## Exercise objective
Each line of the material must be repeated precisely, with the pictures left out.

## Source data
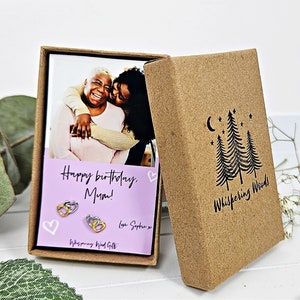 Verjaardagscadeau voor mama, moederoorbellen, tweekleurige hartstekers, gepersonaliseerd cadeau, gelukkige verjaardag mama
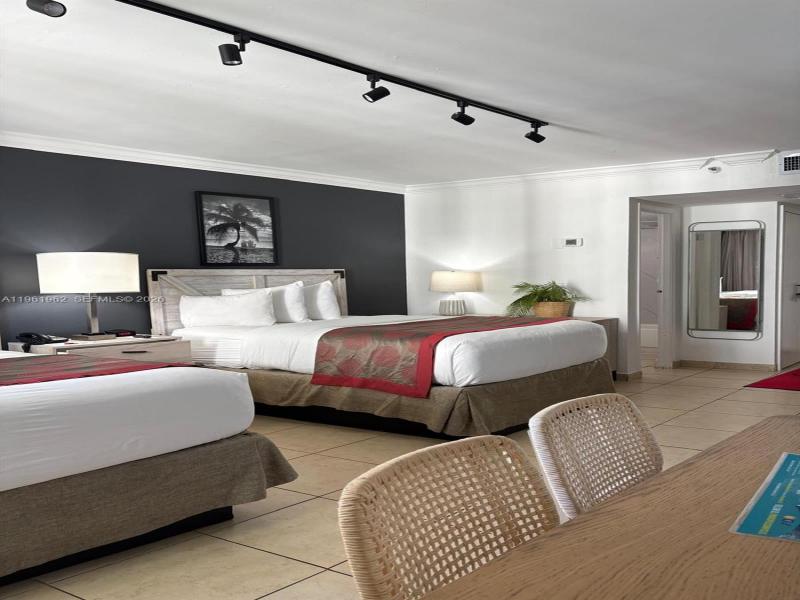 Condo for sale at Aventura Beach Club 820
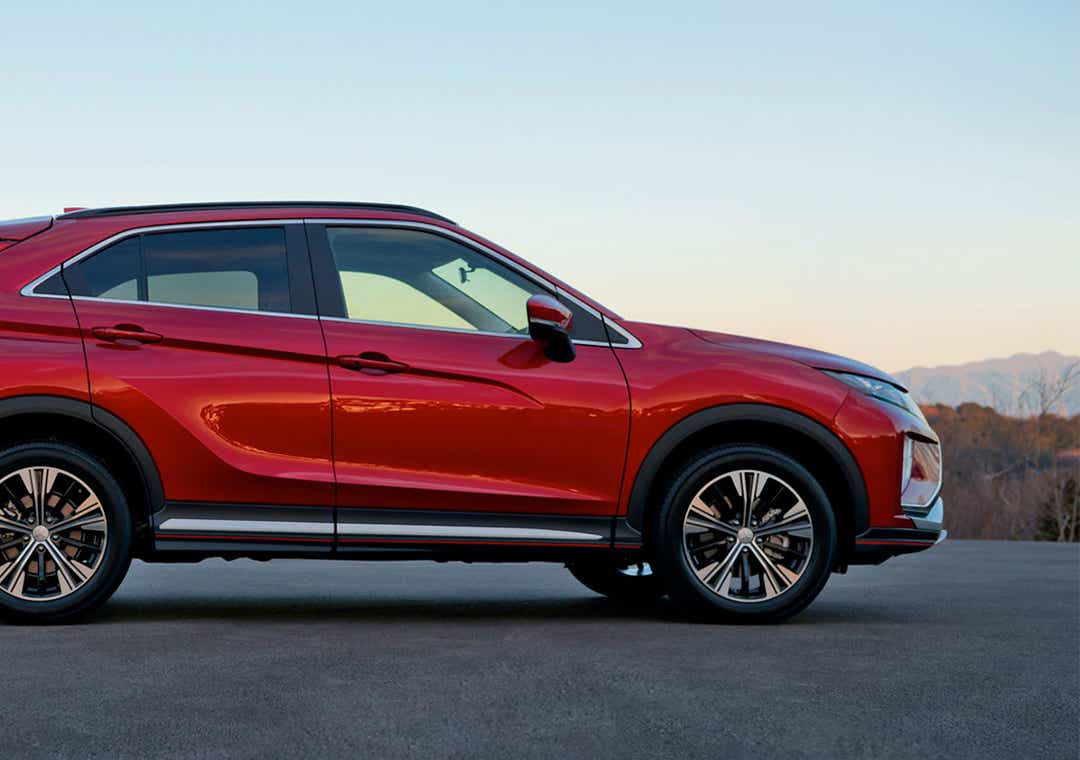 eclipse-cross-sivu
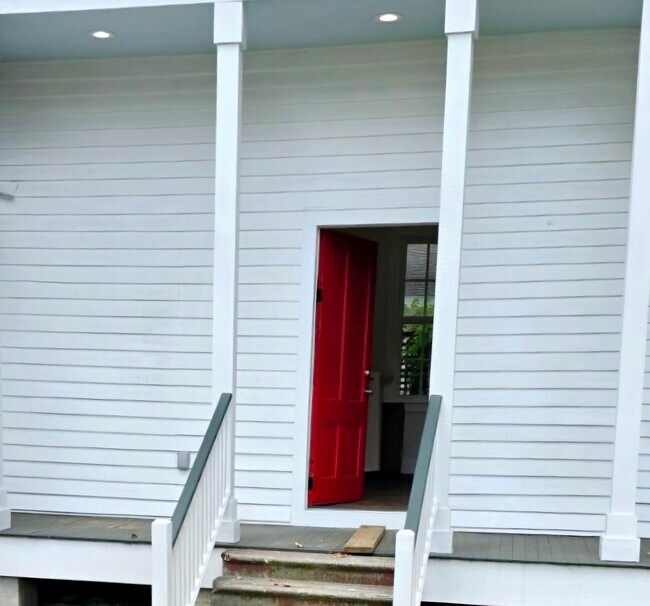 Building Photo - 308 N Joachim St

## Result
 Verjaardagscadeau voor mama, moederoorbellen, tweekleurige hartstekers, gepersonaliseerd cadeau, gelukkige verjaardag mama
 Condo for sale at Aventura Beach Club 820
 eclipse-cross-sivu
 Building Photo - 308 N Joachim St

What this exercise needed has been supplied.